In 1853, Radcliffe was appointed assistant physician to Westminster Hospital, where he succeeded to the office of full physician 25 April 1857, and was elected to the consulting staff on 27 May 1873. He lectured on botany and materia medica, in the medical school attached to the hospital. In 1863 he was appointed physician to the National Hospital for the Paralysed and Epileptic in Queen Square, as successor to Charles Brown-Séquard, and it was there that he made a reputation for work on the diseases of the nervous system.

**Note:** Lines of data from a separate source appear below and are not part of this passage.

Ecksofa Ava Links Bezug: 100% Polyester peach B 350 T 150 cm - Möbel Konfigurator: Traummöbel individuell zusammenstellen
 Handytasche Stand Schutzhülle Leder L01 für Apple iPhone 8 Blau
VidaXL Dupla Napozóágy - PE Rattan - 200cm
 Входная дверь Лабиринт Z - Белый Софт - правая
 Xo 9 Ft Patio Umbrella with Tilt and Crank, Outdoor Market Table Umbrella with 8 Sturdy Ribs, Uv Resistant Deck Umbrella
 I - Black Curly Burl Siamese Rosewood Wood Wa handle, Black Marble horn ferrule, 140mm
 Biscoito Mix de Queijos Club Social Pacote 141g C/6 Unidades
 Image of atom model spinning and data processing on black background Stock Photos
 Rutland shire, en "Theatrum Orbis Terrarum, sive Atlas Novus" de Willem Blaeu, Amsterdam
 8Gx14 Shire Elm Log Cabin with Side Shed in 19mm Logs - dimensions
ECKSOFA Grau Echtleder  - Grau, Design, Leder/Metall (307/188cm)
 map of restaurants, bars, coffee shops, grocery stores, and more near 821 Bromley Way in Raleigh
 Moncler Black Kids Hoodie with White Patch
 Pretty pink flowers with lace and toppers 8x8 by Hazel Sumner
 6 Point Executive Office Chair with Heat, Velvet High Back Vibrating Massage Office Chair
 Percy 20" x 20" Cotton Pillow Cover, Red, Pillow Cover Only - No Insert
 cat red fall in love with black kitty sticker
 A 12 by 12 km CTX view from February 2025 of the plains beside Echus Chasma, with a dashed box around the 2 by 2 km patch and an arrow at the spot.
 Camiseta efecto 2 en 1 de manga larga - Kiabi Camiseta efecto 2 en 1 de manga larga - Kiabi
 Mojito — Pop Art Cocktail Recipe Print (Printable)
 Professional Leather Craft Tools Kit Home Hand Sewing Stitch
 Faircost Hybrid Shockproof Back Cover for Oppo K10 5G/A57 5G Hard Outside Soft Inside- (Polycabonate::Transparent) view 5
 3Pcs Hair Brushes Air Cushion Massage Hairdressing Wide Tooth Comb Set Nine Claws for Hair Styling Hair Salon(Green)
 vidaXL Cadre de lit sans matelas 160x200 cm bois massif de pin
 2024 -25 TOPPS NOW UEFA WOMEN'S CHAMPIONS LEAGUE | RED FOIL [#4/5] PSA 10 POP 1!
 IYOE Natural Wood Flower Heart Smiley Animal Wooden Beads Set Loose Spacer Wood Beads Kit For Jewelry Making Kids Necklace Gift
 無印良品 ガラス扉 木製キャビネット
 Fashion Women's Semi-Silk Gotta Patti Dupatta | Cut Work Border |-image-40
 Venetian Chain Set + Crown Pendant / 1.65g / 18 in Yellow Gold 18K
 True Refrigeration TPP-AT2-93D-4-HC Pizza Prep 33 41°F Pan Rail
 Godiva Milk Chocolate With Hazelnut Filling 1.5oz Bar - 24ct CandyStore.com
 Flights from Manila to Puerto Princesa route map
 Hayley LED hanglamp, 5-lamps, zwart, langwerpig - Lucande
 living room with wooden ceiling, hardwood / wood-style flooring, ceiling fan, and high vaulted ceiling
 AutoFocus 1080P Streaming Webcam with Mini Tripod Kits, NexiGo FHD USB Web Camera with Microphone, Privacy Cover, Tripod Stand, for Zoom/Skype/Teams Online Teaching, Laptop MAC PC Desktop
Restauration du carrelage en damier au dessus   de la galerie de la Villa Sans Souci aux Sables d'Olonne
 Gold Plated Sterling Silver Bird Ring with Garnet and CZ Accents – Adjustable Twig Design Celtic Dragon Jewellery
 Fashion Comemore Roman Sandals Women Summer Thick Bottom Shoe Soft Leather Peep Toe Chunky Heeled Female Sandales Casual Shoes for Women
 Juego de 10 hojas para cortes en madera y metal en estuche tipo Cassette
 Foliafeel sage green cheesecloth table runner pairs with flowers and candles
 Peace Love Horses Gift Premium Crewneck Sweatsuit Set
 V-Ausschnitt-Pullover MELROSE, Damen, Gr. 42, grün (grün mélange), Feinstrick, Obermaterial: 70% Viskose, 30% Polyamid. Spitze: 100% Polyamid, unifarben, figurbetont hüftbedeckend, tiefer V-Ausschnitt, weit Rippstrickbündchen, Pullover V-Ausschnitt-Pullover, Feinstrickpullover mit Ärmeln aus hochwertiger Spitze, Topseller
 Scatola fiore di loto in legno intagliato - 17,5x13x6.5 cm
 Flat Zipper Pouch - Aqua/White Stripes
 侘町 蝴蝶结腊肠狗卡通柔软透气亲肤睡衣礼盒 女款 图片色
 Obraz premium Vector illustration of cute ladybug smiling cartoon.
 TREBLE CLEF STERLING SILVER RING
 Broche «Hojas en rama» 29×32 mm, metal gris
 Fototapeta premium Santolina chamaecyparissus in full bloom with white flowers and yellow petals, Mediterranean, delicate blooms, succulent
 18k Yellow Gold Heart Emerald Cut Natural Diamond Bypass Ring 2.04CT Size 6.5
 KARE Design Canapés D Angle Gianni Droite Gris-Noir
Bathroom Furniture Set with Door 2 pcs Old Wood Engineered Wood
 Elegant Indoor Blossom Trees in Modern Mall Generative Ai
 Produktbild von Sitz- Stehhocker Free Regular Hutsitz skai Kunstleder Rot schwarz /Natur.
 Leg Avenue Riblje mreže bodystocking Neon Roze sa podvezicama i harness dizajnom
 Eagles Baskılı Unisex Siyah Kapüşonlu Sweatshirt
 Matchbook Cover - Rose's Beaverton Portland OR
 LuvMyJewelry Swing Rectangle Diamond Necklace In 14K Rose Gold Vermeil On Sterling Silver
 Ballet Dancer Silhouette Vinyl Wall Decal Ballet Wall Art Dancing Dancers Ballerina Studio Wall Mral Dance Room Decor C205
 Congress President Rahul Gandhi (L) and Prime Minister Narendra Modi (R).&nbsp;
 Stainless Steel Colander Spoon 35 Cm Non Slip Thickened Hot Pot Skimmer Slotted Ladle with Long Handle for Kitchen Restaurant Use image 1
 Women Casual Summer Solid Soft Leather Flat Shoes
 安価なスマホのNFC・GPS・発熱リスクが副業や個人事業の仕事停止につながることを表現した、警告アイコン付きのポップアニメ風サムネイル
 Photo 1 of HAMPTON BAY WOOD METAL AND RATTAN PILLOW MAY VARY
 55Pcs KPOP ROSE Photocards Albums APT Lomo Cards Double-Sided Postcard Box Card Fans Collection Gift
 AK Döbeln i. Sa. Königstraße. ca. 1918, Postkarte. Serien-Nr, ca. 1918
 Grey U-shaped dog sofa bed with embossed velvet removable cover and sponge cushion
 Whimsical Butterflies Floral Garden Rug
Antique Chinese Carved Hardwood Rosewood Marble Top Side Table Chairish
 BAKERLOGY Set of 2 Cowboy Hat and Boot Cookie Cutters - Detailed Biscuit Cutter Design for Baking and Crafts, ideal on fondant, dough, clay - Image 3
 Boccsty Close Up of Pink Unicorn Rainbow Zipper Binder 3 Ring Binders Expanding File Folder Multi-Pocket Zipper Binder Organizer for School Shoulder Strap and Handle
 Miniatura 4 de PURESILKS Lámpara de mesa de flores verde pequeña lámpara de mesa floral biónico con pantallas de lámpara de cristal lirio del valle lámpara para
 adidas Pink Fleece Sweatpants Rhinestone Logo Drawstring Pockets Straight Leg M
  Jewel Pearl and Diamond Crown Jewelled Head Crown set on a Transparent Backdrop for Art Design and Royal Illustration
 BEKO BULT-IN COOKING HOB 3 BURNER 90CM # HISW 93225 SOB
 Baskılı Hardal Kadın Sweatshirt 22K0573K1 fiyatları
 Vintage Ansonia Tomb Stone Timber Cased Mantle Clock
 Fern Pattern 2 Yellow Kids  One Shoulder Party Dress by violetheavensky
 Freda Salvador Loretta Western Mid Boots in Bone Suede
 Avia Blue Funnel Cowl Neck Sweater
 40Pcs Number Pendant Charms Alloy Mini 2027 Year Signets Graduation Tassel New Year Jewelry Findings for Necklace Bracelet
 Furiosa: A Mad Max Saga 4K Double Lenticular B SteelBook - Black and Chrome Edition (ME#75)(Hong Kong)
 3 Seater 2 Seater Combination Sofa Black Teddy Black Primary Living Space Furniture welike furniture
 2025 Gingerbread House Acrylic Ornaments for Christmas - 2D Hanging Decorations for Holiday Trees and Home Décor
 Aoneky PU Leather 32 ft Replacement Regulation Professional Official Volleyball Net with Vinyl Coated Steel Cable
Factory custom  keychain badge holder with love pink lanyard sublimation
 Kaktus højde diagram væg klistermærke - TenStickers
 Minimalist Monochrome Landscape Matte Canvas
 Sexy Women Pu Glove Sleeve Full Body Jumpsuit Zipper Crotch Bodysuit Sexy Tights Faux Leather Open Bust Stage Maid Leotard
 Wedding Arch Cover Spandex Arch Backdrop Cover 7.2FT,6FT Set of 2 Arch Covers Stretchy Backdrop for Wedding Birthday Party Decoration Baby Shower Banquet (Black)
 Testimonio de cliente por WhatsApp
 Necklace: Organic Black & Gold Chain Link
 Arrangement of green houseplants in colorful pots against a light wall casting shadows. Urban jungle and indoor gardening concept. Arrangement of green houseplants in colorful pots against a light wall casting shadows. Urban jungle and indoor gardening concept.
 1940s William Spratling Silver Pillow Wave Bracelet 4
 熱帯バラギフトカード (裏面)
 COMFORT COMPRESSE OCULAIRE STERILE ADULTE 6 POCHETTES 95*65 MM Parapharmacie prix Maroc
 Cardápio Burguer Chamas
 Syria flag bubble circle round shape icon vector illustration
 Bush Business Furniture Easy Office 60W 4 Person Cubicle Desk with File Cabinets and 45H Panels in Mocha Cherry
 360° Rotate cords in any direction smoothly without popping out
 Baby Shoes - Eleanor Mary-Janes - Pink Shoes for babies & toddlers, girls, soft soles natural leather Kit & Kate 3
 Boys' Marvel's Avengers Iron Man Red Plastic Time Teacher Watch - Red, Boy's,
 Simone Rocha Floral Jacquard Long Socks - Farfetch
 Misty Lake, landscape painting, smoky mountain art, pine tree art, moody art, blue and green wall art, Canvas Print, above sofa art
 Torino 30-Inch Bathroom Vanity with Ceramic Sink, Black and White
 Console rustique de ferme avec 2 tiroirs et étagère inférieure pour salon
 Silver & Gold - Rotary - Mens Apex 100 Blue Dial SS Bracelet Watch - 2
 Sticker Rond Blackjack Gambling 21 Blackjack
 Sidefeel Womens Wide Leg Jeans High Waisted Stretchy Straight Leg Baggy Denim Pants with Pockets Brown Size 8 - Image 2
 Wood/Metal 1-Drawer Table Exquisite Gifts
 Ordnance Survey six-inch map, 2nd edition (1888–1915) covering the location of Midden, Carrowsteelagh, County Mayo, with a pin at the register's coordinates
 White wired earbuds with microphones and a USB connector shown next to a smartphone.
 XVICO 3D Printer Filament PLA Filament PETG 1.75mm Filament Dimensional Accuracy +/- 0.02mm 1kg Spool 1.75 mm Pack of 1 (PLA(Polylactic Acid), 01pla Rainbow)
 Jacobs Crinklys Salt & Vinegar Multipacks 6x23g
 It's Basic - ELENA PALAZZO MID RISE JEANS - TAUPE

Radcliffe died very suddenly on 18 June 1889, and was buried with his brother John in a family grave on the western side of Highgate cemetery.

==Works==
Radcliffe was one of the early British investigators of the electrical physiology of muscle and nerve: John Burdon-Sanderson called him a vitalist, for whom electricity took the place of the "vital principle". He published:

- Proteus, or the Law of Nature, London, 1850.
- The Philosophy of Vital Motion, 1851.
- Epilepsy and other Affections of the Nervous System marked by Tremor, Convulsion, or Spasm, 1854; 2nd edit. 1858; 3rd edit. 1861.
- Lectures on Epilepsy, Pain, Paralysis, and certain other disorders of the Nervous System, 1864.
- Articles in Reynolds's System of Medicine, 1868 and 1872.
- Dynamics of Nerve and Muscle, 1871.
- Vital Motion as a Mode of Physical Motion, 1876.
- The Connection between Vital and Physical Motion: a Conversation, privately printed, 1881.
- Behind the Tides, privately printed.

Radcliffe was joint editor with William Harcourt Ranking from 1845 to 1873 of Ranking's Abstract of the Medical Sciences.

==Family==
Radcliffe married, in 1851, Mary Reece Urling, daughter of George Frederick Urling, but left no issue.